## WHAT YOU SHOULD DO:
Copy, please, the line with "57 Capitol Drive Property Photo 1" and each line that follows it through the end of the data below, exactly as given and without pictures.

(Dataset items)

::::::::::

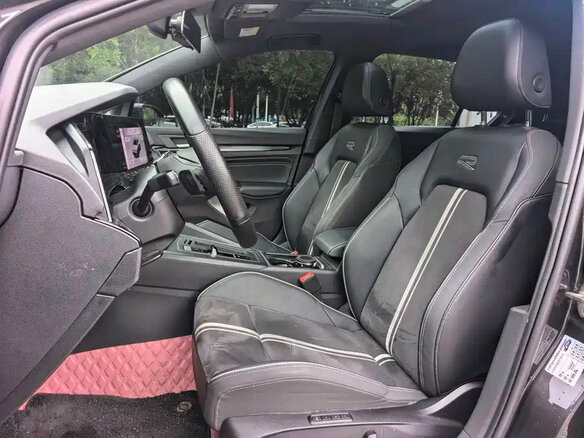 2022 Volkswagen Golf VIII, чёрный, 1710000 рублей - вид 7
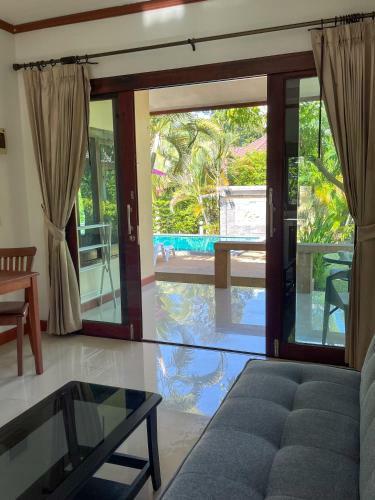 Hotel Mingmongkol Resort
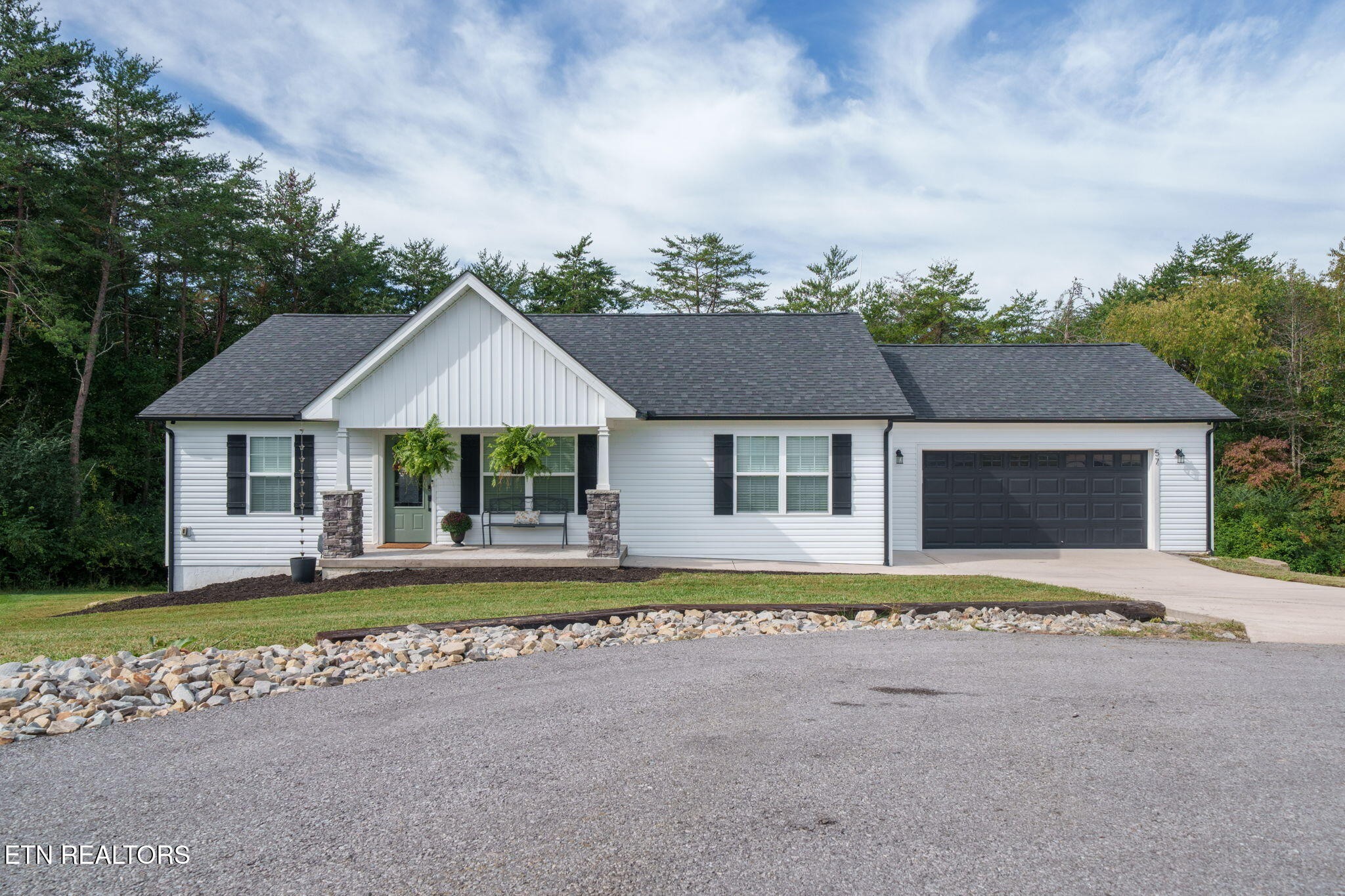 57 Capitol Drive Property Photo 1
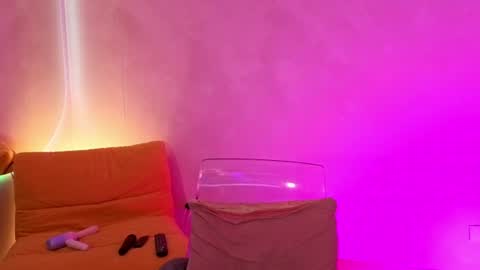 Yuli online show from August 11, 7:38 pm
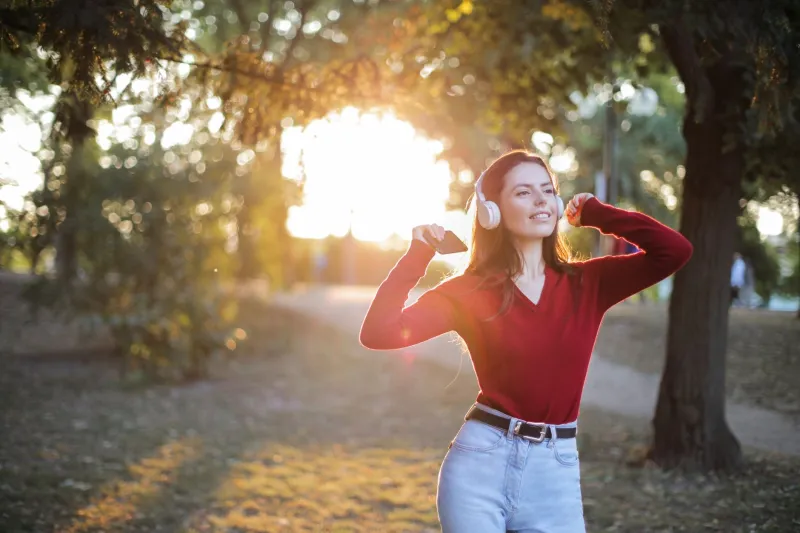 Warm Frequencies: The Songs That Sound Exactly Like Indian Summer Feels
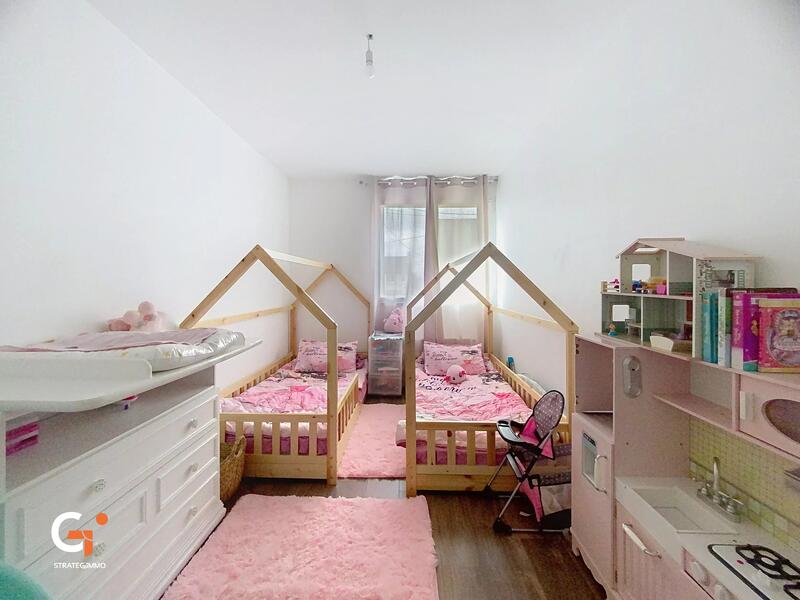 Maison - 80 m² - 4 pièces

::::::::::

## COMPLETED EXERCISE:
 57 Capitol Drive Property Photo 1
 Yuli online show from August 11, 7:38 pm
 Warm Frequencies: The Songs That Sound Exactly Like Indian Summer Feels
 Maison - 80 m² - 4 pièces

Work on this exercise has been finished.